Citaste a Tomás de Aquino sin mencionarle lo santo, suficiente para llamar mi atención. Ya te había leído antes pero esa portada me hacía imaginar, me hacía desear leerte; recuerdo perfecto haberme aferrado a terminar Cien Años en una semana, medio dormía por hacerlo: Spock amenazó con esconderte para que no siguiera yendo somnolienta a la secundaria. No importó, te buscaba entre clases y cumplí mi meta.

Justo llegaba a Cunduacán esta mañana y mi mirada se incrustó en lo platanares “Me siento como en Macondo”-pensé, tomé fotografías y dejé que el clima me atrapara. Me llevabas a todos lados, eres el realista más mágico en mi vida, el primer hombre en tocarme con sus letras cuando te disfrazaste de Cayetano; como cuando niña y repites la escena del beso que te hace sentir escalofríos en esa película para adolescentes, yo releía esa parte cuando la chica del cabello inmenso le pertenece al sacerdote; quería ser ella. Tenía ganas de escribir como tú: hasta inicié una novela, pésima, con todas las faltas de ortografía, pero empecé a escribir. Creo que marcaste a toda mi generación -y al resto-.
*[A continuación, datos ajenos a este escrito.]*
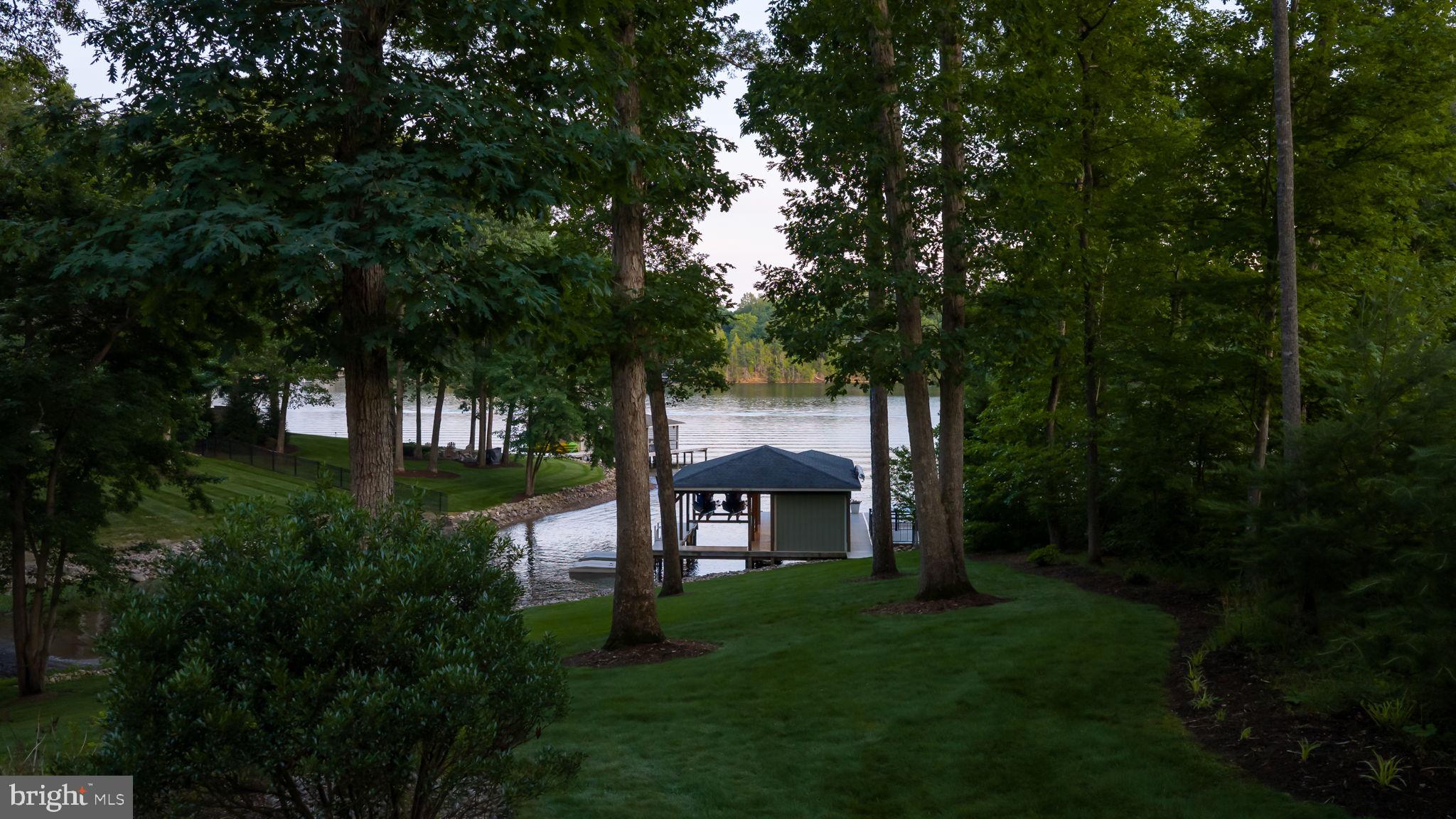 PLEASURE ISLAND - Residential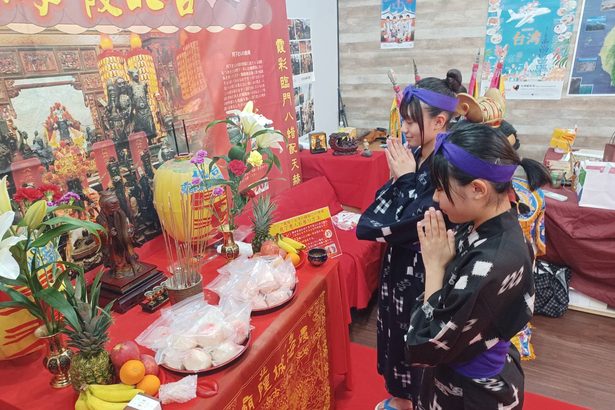 「アジア最強、恋愛成就の神様」が沖縄市に　12月末まで台湾文化館に滞在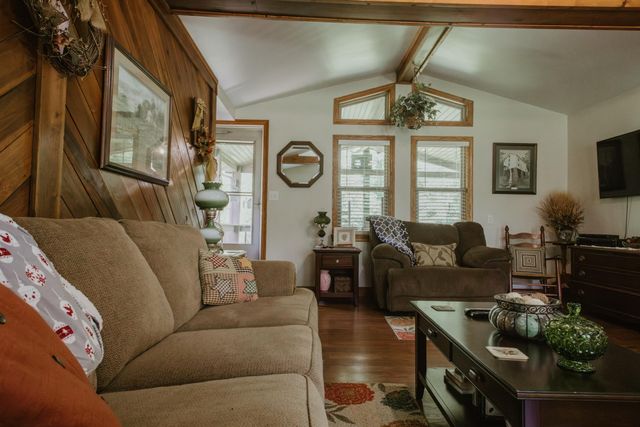 308 Dale Hollow Manor Road, Albany, KY 42602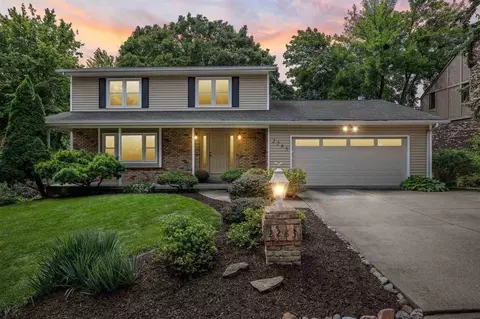 2283 Cae Dr, Iowa City, IA 52246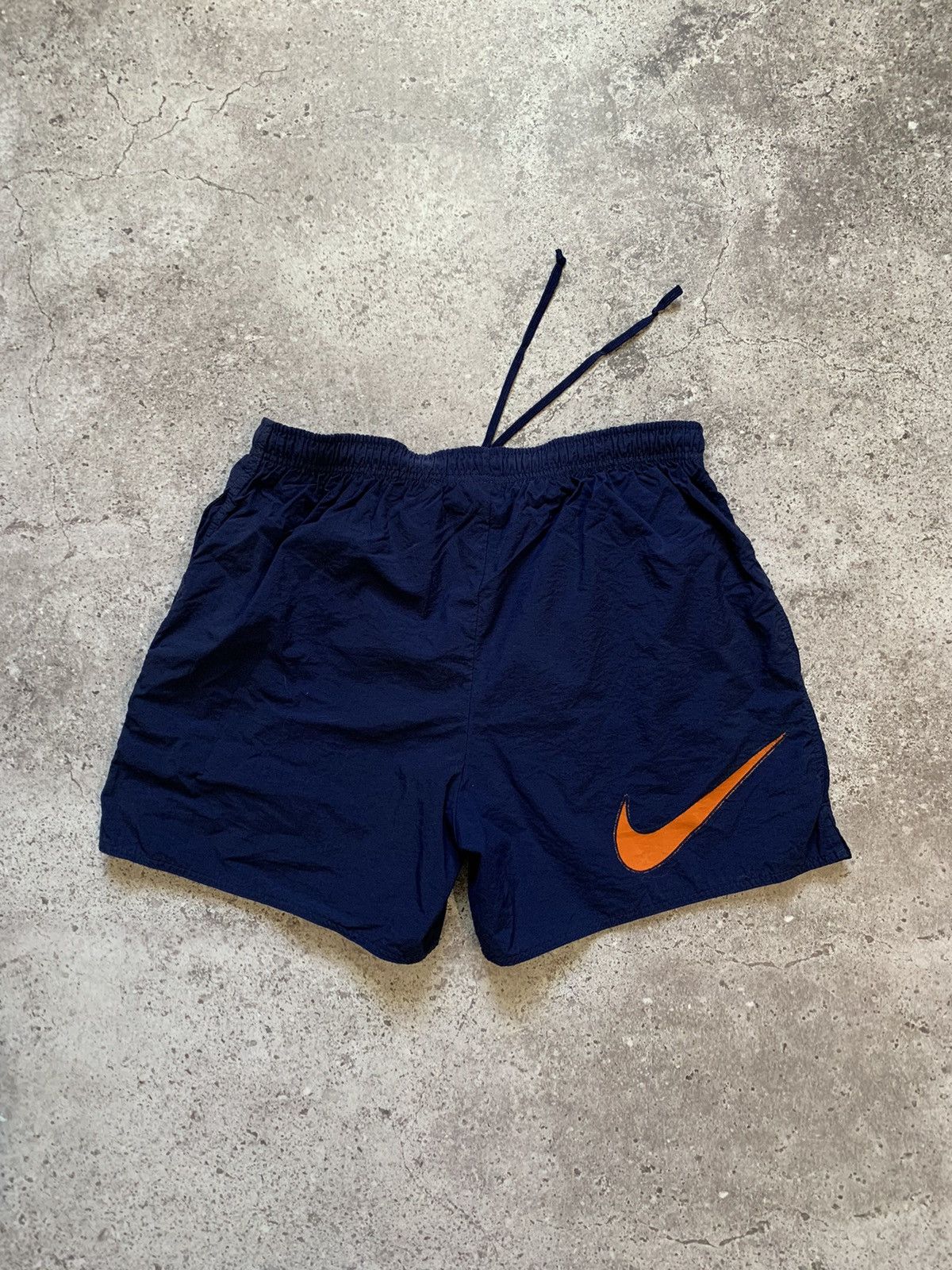 Nike × Vintage 00s Vintage Nike Big Logo Drill Shorts Rare Size US 26 / EU 42 - 1 Thumbnail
Leo a todo el mundo triste y estoy segura que en esta ocasión no todos se están colgando de tu muerte para decir que son intelectuales y que devoran libros, que les encantaron todas tus obras aunque en realidad no terminaron ninguna porque les aburría tu narrativa descriptiva. A mí me encantaba, puedo jurar que vi a Remedios la bella elevarse, no hacía falta imaginación: dejabas todo perfectamente colocado para que uno pudiera desarrollar visiones. Hasta inventaste enfermedades en mi cabeza -al sentir comezón no chisto en achacárselo a los golondrinos-. Todos estuvimos incómodos en ese velorio al que nos llevaste a la fuerza, conocemos con exactitud el olor a muerte en ese ataúd, vimos juntos por primera vez el hielo, fuimos acariciadas en la celda de Sierva María y comimos de sus uvas.

¿Te habrás elevado como la chica más hermosa que he leído? ¿Tenías los ojos radiantes y la piel de recién nacido como la niña que se murió de amor? Imagino las procesiones repletas porque te fuiste: acá nadie vino a verte tendido en la cama, ni obligado por el abuelo, acá no hay más compromiso que recordarte. Pensé en Girondo y suscribo: -Muerte puta, muerte cruel (…)- Aunque las manos como tú merecen ser eternas, nos restan tus ideas inagotables, tus letras persistentes e inmortales -como Dioses-. Ojalá no tuviéramos que ser tan egoístas, tan humanos para desear que las personas que admiramos no mueran, ojalá no tuviera que dolernos tan adentro un proceso tan consecuente y natural. Te vamos a extrañar, perdón: ¡Lo vamos a extrañar, Gabriel! Y cómo no si el mundo no fue el mismo desde quete leímos y no puede ser el mismo desde entonces, ni lo será. No es sólo el mundo de las letras el que está de luto: todo el mundo lo está.

Nos enfermaste de amor, fuiste el perro cenizo que nos contagió la rabia de su redacción ¡Pinche Gabo! La tristeza no es por ti, sino por el mundo que se queda sin tu pluma.